===== EXERCISE DATA

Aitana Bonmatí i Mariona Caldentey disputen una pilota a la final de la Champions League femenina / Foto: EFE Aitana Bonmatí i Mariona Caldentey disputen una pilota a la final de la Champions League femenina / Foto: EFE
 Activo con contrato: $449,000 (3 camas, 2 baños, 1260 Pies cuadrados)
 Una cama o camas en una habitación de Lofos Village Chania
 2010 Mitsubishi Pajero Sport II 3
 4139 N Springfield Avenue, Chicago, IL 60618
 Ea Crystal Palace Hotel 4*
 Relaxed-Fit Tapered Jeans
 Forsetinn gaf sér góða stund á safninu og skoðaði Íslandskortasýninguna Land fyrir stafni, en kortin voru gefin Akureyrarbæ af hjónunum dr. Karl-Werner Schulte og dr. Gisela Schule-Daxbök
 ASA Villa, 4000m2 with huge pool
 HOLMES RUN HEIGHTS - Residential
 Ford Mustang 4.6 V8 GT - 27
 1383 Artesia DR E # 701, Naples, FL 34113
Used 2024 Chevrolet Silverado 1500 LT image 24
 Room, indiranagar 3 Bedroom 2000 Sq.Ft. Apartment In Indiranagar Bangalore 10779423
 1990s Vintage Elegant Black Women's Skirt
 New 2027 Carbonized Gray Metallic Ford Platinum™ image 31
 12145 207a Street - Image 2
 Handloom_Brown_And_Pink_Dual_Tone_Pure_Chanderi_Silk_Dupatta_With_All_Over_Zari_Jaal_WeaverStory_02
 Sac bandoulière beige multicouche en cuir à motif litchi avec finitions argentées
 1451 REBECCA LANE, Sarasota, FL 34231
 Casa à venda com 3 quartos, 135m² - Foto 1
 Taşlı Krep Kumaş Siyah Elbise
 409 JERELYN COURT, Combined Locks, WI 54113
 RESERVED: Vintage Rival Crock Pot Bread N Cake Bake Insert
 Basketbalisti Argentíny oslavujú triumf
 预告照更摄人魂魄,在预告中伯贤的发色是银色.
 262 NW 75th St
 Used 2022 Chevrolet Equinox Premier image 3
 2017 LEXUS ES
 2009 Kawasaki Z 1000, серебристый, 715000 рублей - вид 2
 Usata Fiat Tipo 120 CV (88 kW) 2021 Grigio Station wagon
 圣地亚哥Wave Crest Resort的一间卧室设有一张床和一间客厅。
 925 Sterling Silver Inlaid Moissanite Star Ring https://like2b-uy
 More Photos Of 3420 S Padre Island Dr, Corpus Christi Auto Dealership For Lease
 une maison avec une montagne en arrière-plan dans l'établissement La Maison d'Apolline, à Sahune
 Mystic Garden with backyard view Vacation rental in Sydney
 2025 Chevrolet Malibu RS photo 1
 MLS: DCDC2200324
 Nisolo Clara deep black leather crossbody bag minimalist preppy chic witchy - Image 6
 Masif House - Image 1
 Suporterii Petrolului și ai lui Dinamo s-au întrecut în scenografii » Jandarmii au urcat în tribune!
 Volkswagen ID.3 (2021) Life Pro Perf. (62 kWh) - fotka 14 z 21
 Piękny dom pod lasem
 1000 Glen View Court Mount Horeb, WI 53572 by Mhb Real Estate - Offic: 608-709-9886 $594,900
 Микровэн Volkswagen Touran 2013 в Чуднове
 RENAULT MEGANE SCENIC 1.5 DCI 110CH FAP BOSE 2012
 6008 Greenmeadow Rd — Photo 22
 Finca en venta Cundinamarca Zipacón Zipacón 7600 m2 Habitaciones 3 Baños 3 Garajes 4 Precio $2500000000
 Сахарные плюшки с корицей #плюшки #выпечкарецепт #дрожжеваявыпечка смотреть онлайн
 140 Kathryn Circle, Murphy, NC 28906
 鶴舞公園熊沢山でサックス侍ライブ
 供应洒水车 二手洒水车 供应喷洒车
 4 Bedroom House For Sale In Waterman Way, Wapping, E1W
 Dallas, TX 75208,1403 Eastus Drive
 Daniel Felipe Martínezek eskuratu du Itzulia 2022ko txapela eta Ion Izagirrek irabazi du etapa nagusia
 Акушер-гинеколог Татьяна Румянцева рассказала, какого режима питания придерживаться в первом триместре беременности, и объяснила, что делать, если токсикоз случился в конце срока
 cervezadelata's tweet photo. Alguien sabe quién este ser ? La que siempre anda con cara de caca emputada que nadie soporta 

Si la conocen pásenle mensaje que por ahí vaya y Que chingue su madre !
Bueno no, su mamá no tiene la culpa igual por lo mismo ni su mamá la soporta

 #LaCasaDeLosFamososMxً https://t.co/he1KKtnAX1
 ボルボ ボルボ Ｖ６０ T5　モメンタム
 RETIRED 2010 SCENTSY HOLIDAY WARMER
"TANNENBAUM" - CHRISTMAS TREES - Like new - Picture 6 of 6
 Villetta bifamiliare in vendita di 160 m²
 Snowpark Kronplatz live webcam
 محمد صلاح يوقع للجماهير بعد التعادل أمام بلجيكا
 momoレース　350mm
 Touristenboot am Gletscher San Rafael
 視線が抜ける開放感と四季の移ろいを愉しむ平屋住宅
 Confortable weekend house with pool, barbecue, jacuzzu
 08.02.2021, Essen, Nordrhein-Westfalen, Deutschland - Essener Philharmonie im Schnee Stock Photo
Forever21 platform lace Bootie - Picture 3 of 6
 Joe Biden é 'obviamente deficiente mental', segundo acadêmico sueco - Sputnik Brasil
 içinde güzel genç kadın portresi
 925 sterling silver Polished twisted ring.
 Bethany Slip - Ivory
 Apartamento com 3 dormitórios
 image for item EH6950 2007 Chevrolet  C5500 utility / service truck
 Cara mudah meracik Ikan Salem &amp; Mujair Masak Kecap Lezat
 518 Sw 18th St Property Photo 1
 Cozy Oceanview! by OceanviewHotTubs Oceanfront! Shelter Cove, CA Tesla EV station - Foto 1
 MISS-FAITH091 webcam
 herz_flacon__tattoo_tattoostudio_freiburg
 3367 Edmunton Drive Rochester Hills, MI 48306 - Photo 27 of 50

==========

◆ THE PROBLEM: Please transcribe only the lines in the records above running from the line that has "une maison avec" through the line that has "Daniel Felipe Martínezek", both included, exactly as they appear.

◆ ANSWER TO THE EXERCISE:
 une maison avec une montagne en arrière-plan dans l'établissement La Maison d'Apolline, à Sahune
 Mystic Garden with backyard view Vacation rental in Sydney
 2025 Chevrolet Malibu RS photo 1
 MLS: DCDC2200324
 Nisolo Clara deep black leather crossbody bag minimalist preppy chic witchy - Image 6
 Masif House - Image 1
 Suporterii Petrolului și ai lui Dinamo s-au întrecut în scenografii » Jandarmii au urcat în tribune!
 Volkswagen ID.3 (2021) Life Pro Perf. (62 kWh) - fotka 14 z 21
 Piękny dom pod lasem
 1000 Glen View Court Mount Horeb, WI 53572 by Mhb Real Estate - Offic: 608-709-9886 $594,900
 Микровэн Volkswagen Touran 2013 в Чуднове
 RENAULT MEGANE SCENIC 1.5 DCI 110CH FAP BOSE 2012
 6008 Greenmeadow Rd — Photo 22
 Finca en venta Cundinamarca Zipacón Zipacón 7600 m2 Habitaciones 3 Baños 3 Garajes 4 Precio $2500000000
 Сахарные плюшки с корицей #плюшки #выпечкарецепт #дрожжеваявыпечка смотреть онлайн
 140 Kathryn Circle, Murphy, NC 28906
 鶴舞公園熊沢山でサックス侍ライブ
 供应洒水车 二手洒水车 供应喷洒车
 4 Bedroom House For Sale In Waterman Way, Wapping, E1W
 Dallas, TX 75208,1403 Eastus Drive
 Daniel Felipe Martínezek eskuratu du Itzulia 2022ko txapela eta Ion Izagirrek irabazi du etapa nagusia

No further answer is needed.